In a message dated 6/20/2001 9:40:10 PM Central Daylight Time,
rob@twcny.rr.com writes:


On Wed, Jun 20, 2001 at 09:03:44PM -0400, pycyn@aol.com wrote:
> In a message dated 6/20/2001 6:25:42 PM Central Daylight Time,
> rob@twcny.rr.com writes:
>
>
> > .i le da'i logji cmavo poi roroi mapti zoi <if, then> cu du lo da'i
logji
> > cmavo poi da'inai na zasti
> >
> Something ain't quite right here -- and in a previous post from the same
> source.  I guess that -- whether discursive or "attitudinal" -- {da'i}
can go
> anywhere in a sentence, but it seems pretty clear that in at least some
> places here it is adjectival to {logji cmavo}, meaning either "supposed"
or
> "{da'i}-like"

Why would it be adjectival? If I were talking about the word {da'i} itself,
I
would have said something involving {zo da'i}. Here I was using it for its
newfound purpose of describing possible worlds.

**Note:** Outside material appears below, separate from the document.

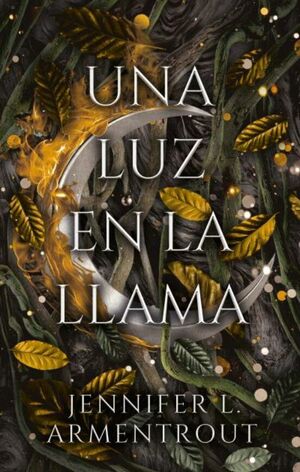 Portada del libro DE CARNE Y FUEGO 2: UNA LUZ EN LA LLAMA - Compralo en ByAnaCeci.com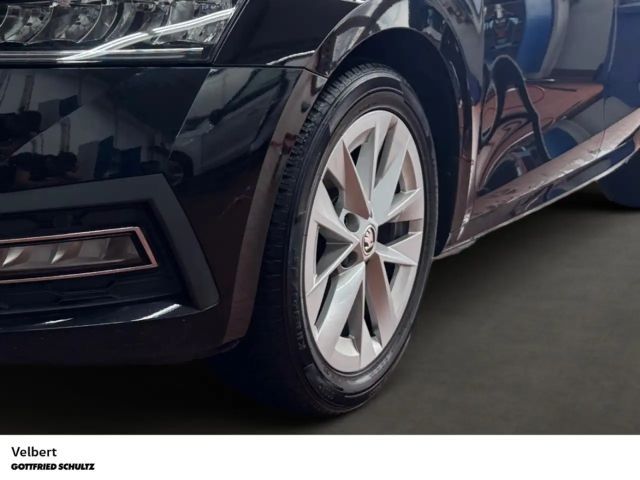 Skoda Octavia 2.0 TDI Combi Style Style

What I was using it for was "the supposed logical connective which always
applies to <if, then>".

Without the {da'i}, I would be talking about "the logical connective which
always applies to <if, then>". However, no such connective exists, and that
sentence would logically fall apart because of that. So I used {da'i} to
refer to this object in a possible world where such a thing would exist (and
I pity the inhabitants of that world and the broken version of Lojban
they're
stuck with).


The point is well taken, as I said, but will this way of saying it really
work?  Wherever {da'i} occurs, it presumably works to throw the whole
sentence into the suppositive mood  (I'm using the official rules, of
course).  Whether the repeated {da'i} throws it into a second-order
supposition or not, I can't say, nor can I work out the rhetorical effect of
putting the {da'i} after {le}.  At a guess the latter focuses the goal of the
supposition on the sumti which {le} begins, which is, I think, your goal,
more or less.
So this seems to say "Suppose that there is a logical connective which always
matches 'if then' ..." or, more literally but clearly not what you want,
"Suppose that the logical connective which always matches 'if then' is a
logical connective that does not in fact exist"  Now all of this does make
for a problem, since it involves a referring phrase which you want to say
does not refer. And yet it does refer (in fact, to {ganai...gi...}); what it
does not do is match "if..., then..."
Does {le a'o mi se prami} mean "the beloved I hope for"?